Es posible, sí. Pero qué difícil lo pone el circo que nos tienen montado.
…Y hay llamada
Si, encima, todo lo ello lo referimos a una vocación creyente, a la llamada de Dios… todo se complejiza más. Cómo puede llamar Dios a un ámbito tan “emponzoñado” –en vocabulario de Ejercicios Espirituales de San Ignacio– como es este. Es más, de existir indicios de esa llamada, qué criterios habría que tener para verificarla y, más importante aún, que herramientas para alimentarla y no terminar abandonando.
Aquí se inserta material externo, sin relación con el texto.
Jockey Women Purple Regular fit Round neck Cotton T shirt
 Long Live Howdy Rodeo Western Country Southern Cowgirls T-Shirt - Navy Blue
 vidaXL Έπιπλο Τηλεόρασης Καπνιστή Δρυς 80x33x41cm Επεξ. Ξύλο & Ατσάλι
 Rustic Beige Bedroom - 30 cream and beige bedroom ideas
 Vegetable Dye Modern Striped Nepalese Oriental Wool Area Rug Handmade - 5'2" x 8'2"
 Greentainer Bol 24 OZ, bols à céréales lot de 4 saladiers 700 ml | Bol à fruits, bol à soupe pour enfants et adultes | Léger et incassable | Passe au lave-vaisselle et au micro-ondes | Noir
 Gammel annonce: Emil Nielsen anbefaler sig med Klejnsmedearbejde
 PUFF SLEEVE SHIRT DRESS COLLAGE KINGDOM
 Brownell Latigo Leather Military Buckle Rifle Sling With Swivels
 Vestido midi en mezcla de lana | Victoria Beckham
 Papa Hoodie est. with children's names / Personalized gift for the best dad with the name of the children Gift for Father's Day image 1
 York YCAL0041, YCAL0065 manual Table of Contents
Yo mismo, afirmo haber recibido en estos momentos de mi vida esa vocación particular, dentro de una más amplia a la evangelización que es la que vertebra mi existencia (algo de ello explico en esta entrevista que me hicieron dentro de los trabajos para la elaboración del Plan Pastoral de la Archidiócesis de Granada). Pero, incluso formando parte de una opción política en la que creo y que, para mí, representa en gran medida lo “que hace falta”, bien saben quienes me conocen que no dejo de preguntarme día sí y día también… ¿qué hago yo aquí? Y eso, que aún no tenemos representación política y nuestra acción se circunscribe a la incidencia, la movilización y la sensibilización –que no es poco–. Pero, suficiente para reafirmar lo lejos que está el mundo político de la propuesta del Reino.
Tirar la toalla
Sí. Me resulta muy fácil entender que cualquier persona que se meta en esto de la política partidista tenga la tentación –más pronto que tarde– de tirar la toalla. Únele, además, los desafíos descomunales de la geopolítica internacional con Trump y sus trumpadas; de los conflictos sangrantes ante los que parece que la apelación a la paz y la reconciliación es como predicar en el desierto; o de la confrontación destructiva en el hemiciclo español o en los ayuntamientos de cualquiera de nuestras localidades, que desgastan la moral una y otra vez… ¿Vocación a la política? ¿Para qué?
Sigo orando. Me resuena la Palabra que me habla hoy de algo tan “simple” como esencial: Pero, ¿y Dios qué quiere? Y me respondo, ahora sí, con total convencimiento: que tire la toalla. Al suelo. Para lavar los pies.
Porque, si hay vocación (también a la política), sólo puede haber servicio. Y lo que pase de ahí, “viene del mal Espíritu”.